*Task item*. Transcribe each entry exactly; skip the images.

======== Records for this task ========

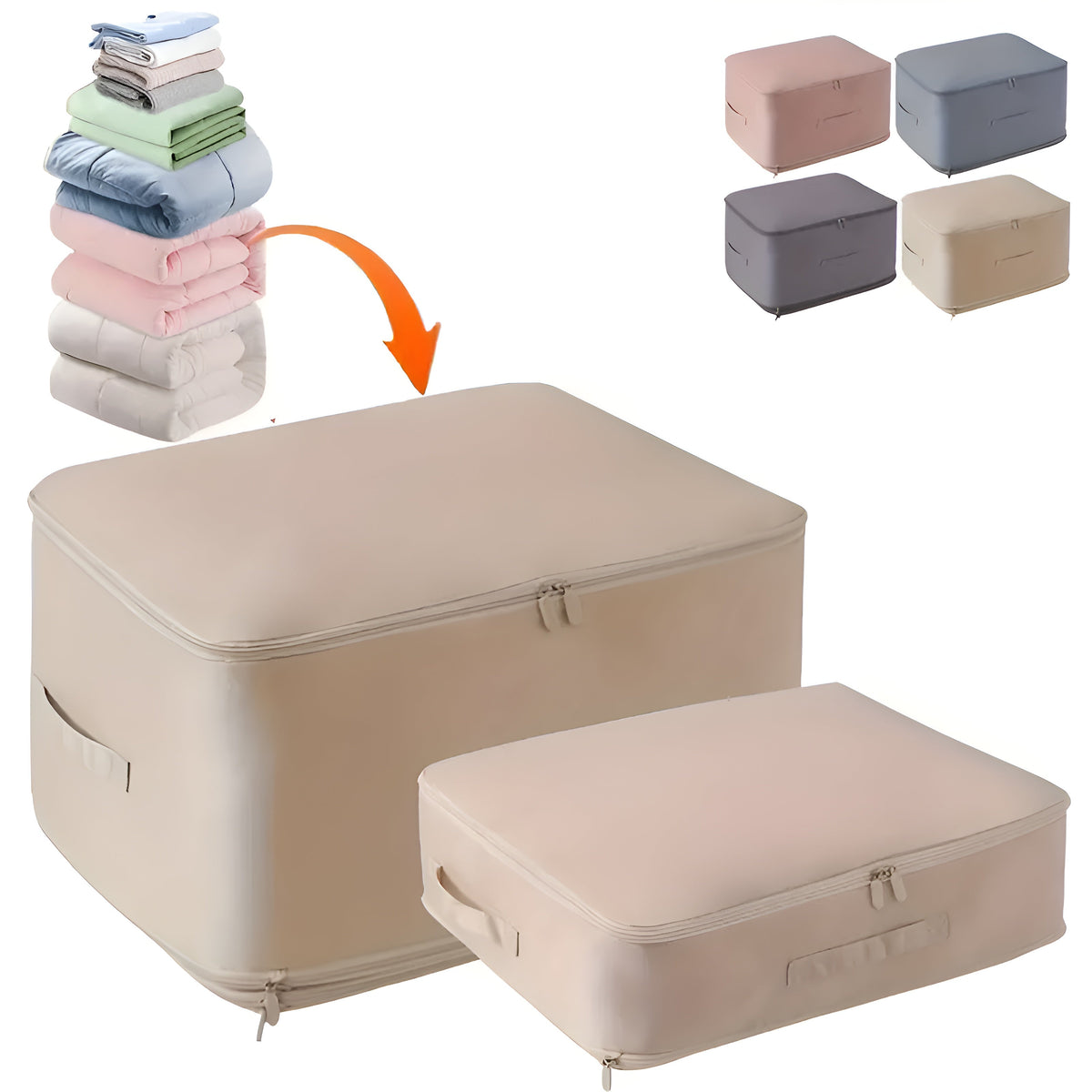 Ruimtebesparende compressie opbergtas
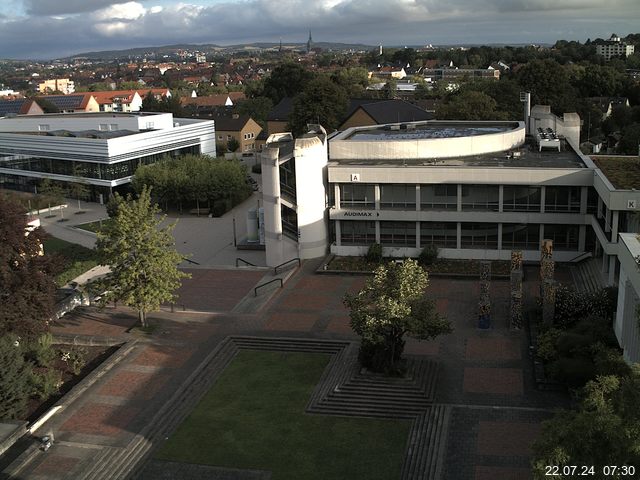 Foto der Webcam: Verwaltungsgebäude, Innenhof mit Audimax, Hörsaal-Gebäude 1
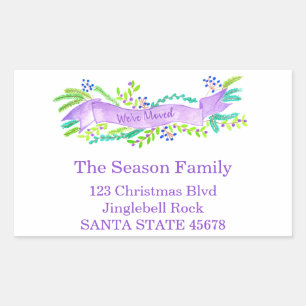 We've Moved/New Address , watercolor Christmas Rectangular Sticker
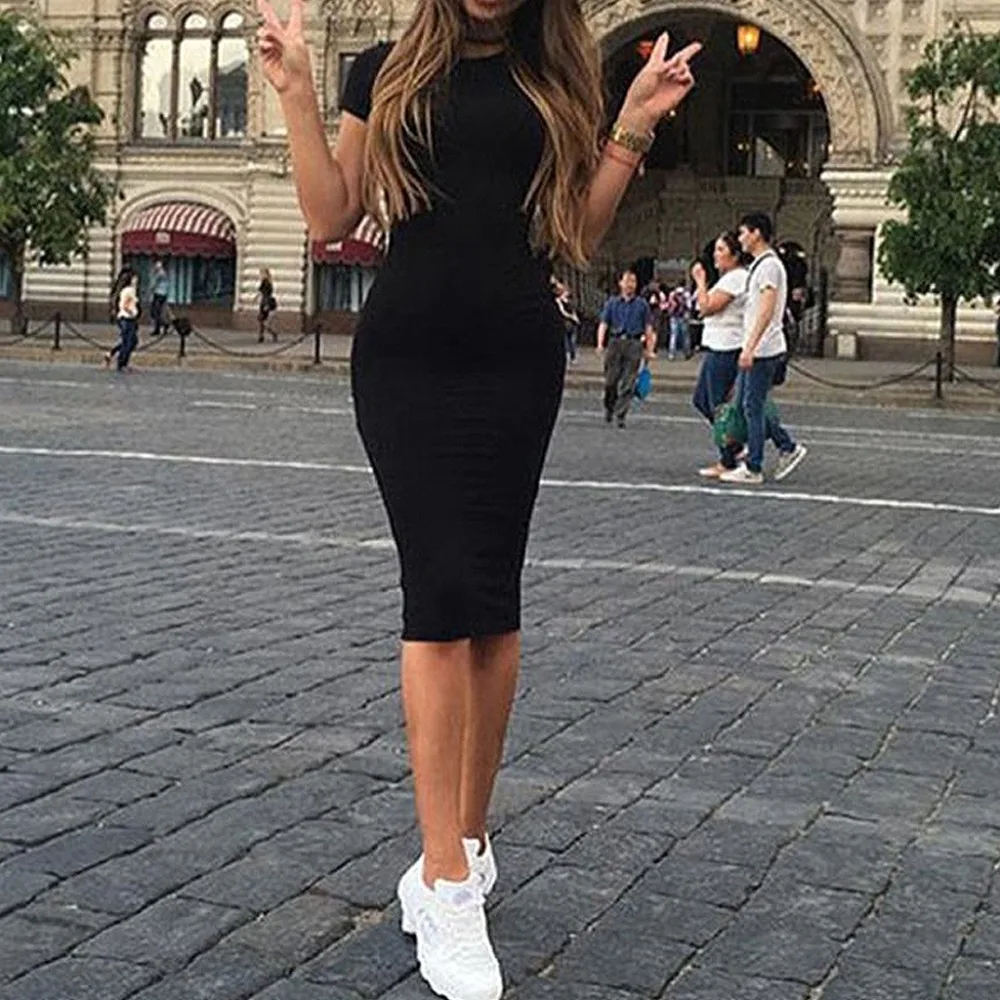 

2019 Ladies Fashion Casual Summer Women Sheath Fitness Dress Elegant Ladies Sexy Solid Color Short Sleeve Office Knee Length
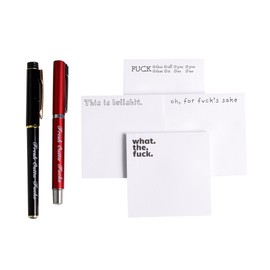 Fresh Outta Fucks Pad and Pen, Snarky Novelty Office Supplies, Funny Sticky Notes and Pen Set,Novelty Pen Desk Accessory Gifts for Friends Co-Workers (4Pad with 2Pen -A)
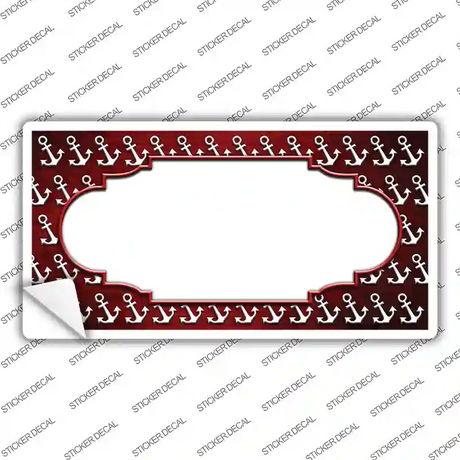 Red White Anchor Scallop Oil Rubbed Novelty Sticker Decal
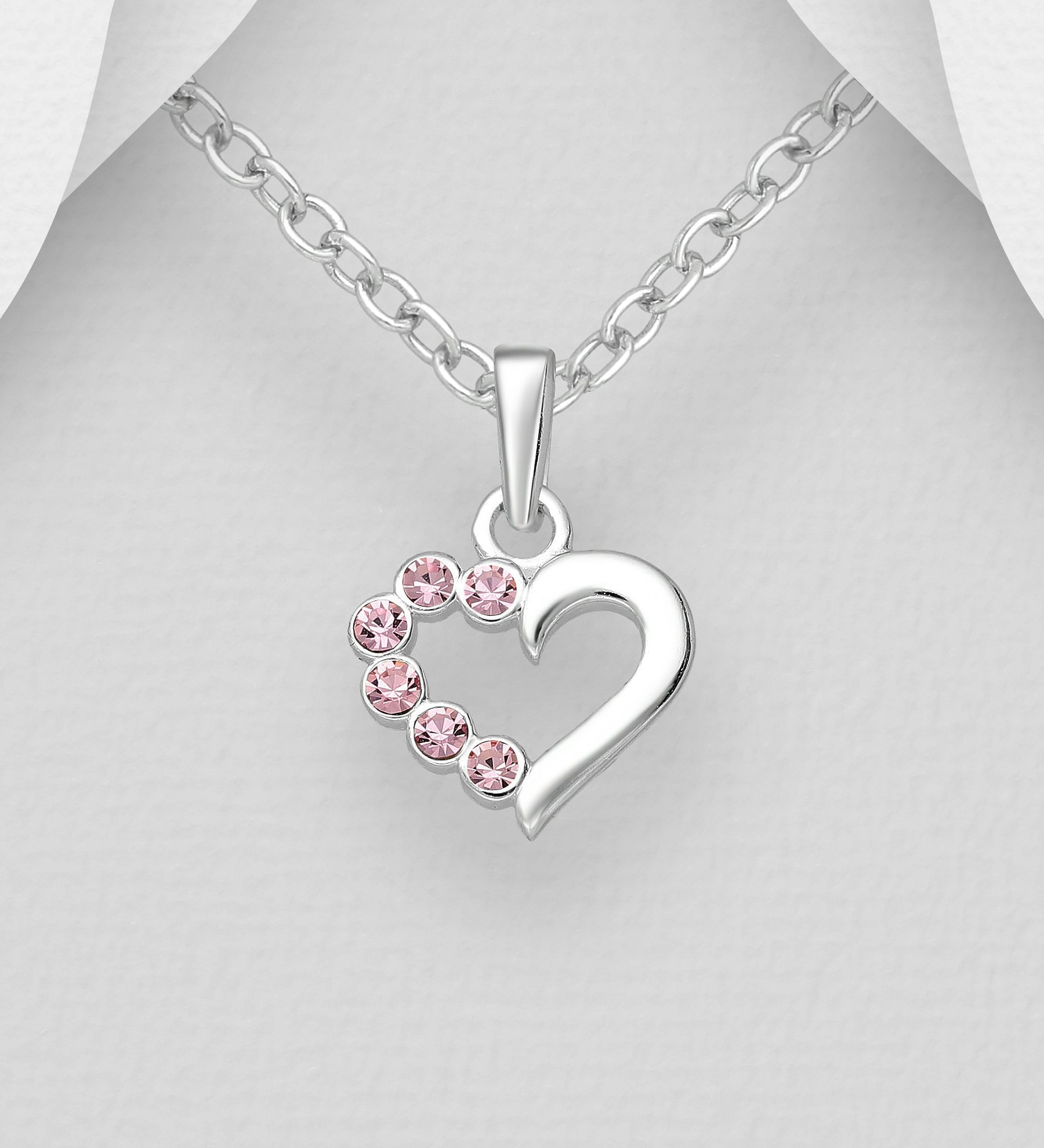 Barnhalsband Hjärta i silver med ljusrosa glittrande stenar - sött halsband till barn i äkta 925 sterling silver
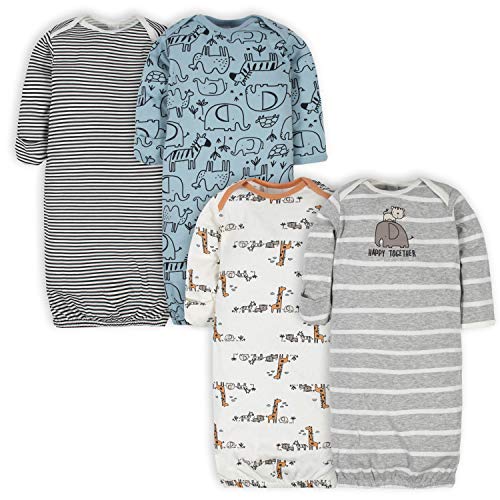 GerberBaby Boys4-Pack Sleeper GownJungle Blue0-6 Months
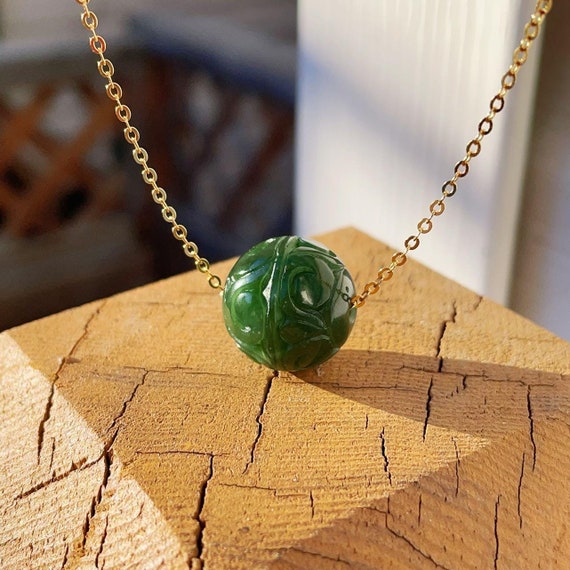 Certified Green Jade Pendent Necklace, Natural Jade Passage Beads Pendant Necklace, Round Beads Necklace, Lucky Jade , Gift for her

========

*Problem solution*.
 Ruimtebesparende compressie opbergtas
 Foto der Webcam: Verwaltungsgebäude, Innenhof mit Audimax, Hörsaal-Gebäude 1
 We've Moved/New Address , watercolor Christmas Rectangular Sticker

2019 Ladies Fashion Casual Summer Women Sheath Fitness Dress Elegant Ladies Sexy Solid Color Short Sleeve Office Knee Length
 Fresh Outta Fucks Pad and Pen, Snarky Novelty Office Supplies, Funny Sticky Notes and Pen Set,Novelty Pen Desk Accessory Gifts for Friends Co-Workers (4Pad with 2Pen -A)
 Red White Anchor Scallop Oil Rubbed Novelty Sticker Decal
 Barnhalsband Hjärta i silver med ljusrosa glittrande stenar - sött halsband till barn i äkta 925 sterling silver
 GerberBaby Boys4-Pack Sleeper GownJungle Blue0-6 Months
 Certified Green Jade Pendent Necklace, Natural Jade Passage Beads Pendant Necklace, Round Beads Necklace, Lucky Jade , Gift for her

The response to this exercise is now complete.